Collection entries:
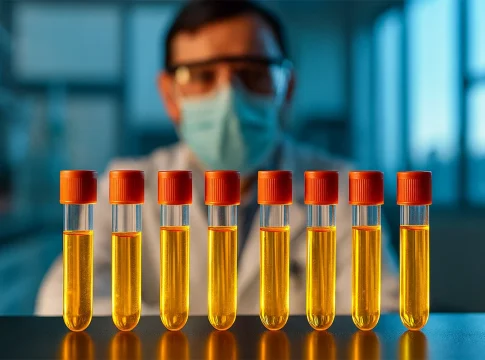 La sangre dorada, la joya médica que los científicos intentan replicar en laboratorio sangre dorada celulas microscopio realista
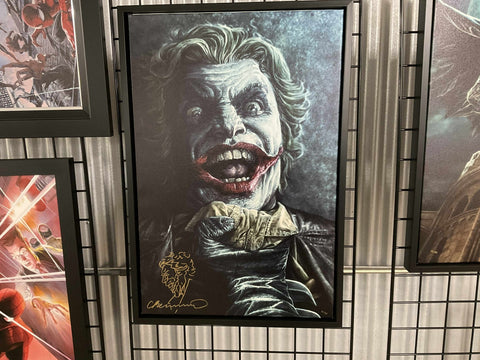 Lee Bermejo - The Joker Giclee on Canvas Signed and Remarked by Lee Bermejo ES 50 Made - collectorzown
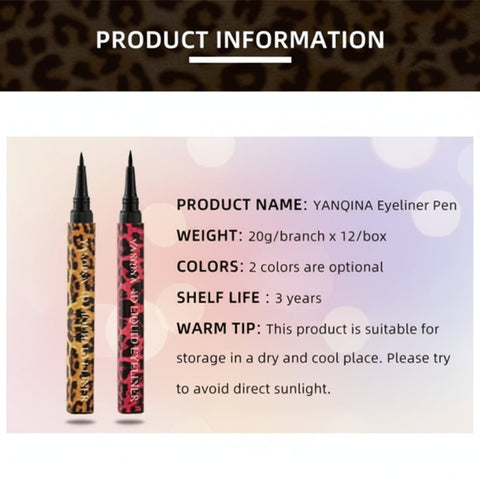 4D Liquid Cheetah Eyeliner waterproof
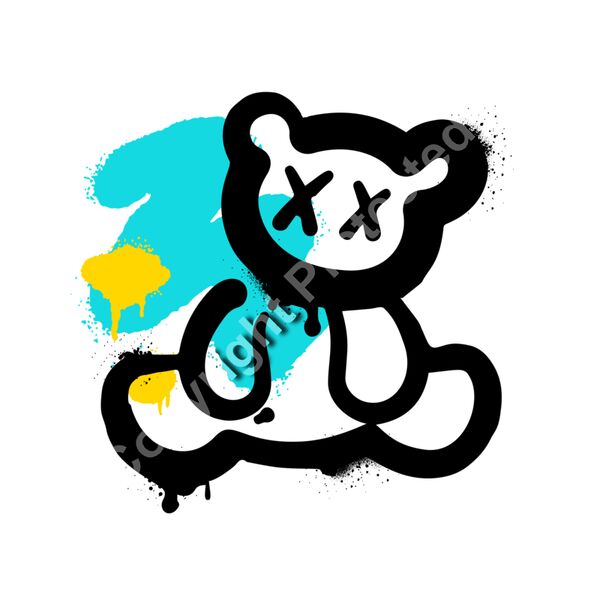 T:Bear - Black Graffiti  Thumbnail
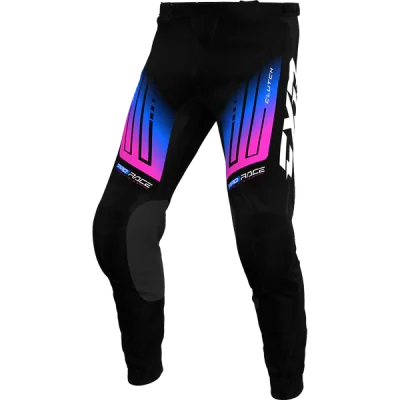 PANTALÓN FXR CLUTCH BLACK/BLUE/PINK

▶ [Task statement]:
Reproduce the data above in full, exactly as it is, with the pictures left out.

▶ [Response area]:
 La sangre dorada, la joya médica que los científicos intentan replicar en laboratorio sangre dorada celulas microscopio realista
 Lee Bermejo - The Joker Giclee on Canvas Signed and Remarked by Lee Bermejo ES 50 Made - collectorzown
 4D Liquid Cheetah Eyeliner waterproof
 T:Bear - Black Graffiti  Thumbnail
 PANTALÓN FXR CLUTCH BLACK/BLUE/PINK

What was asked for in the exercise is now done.